Exercise data =
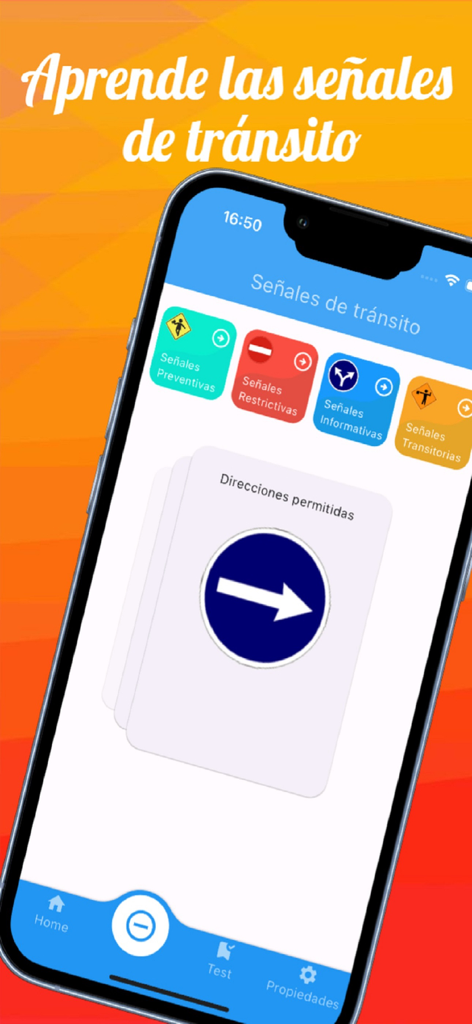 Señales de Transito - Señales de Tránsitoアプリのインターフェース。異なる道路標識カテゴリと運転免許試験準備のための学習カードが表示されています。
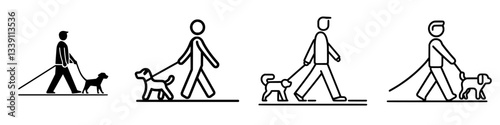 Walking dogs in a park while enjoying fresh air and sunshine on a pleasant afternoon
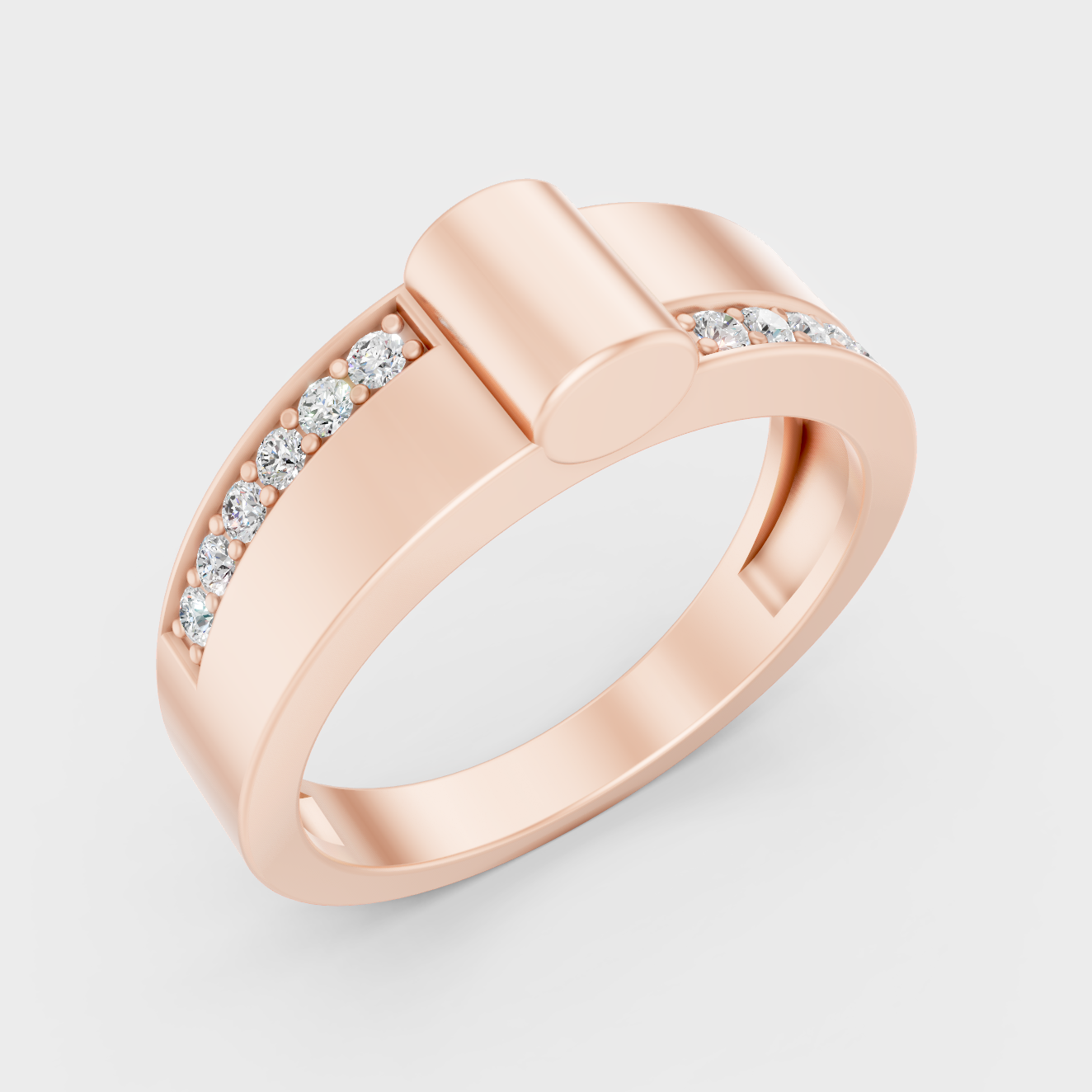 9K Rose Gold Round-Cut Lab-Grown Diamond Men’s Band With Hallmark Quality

--

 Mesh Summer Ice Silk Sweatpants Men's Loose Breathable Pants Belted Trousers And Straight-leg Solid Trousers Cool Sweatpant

...

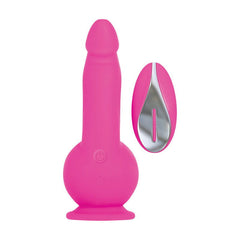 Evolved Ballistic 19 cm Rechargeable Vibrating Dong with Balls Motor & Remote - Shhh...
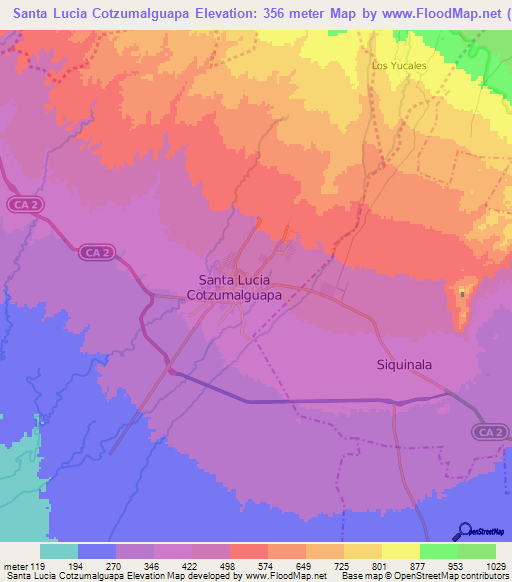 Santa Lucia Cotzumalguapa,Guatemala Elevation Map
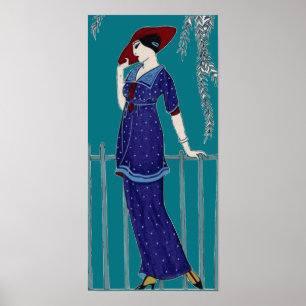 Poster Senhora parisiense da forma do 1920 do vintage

Exercise prompt = Word for word, restate the lines above from the one with "Evolved Ballistic 19" through the one with "Poster Senhora parisiense", keeping both ends and dropping the pictures.

Response area =
 Evolved Ballistic 19 cm Rechargeable Vibrating Dong with Balls Motor & Remote - Shhh...
 Santa Lucia Cotzumalguapa,Guatemala Elevation Map
 Poster Senhora parisiense da forma do 1920 do vintage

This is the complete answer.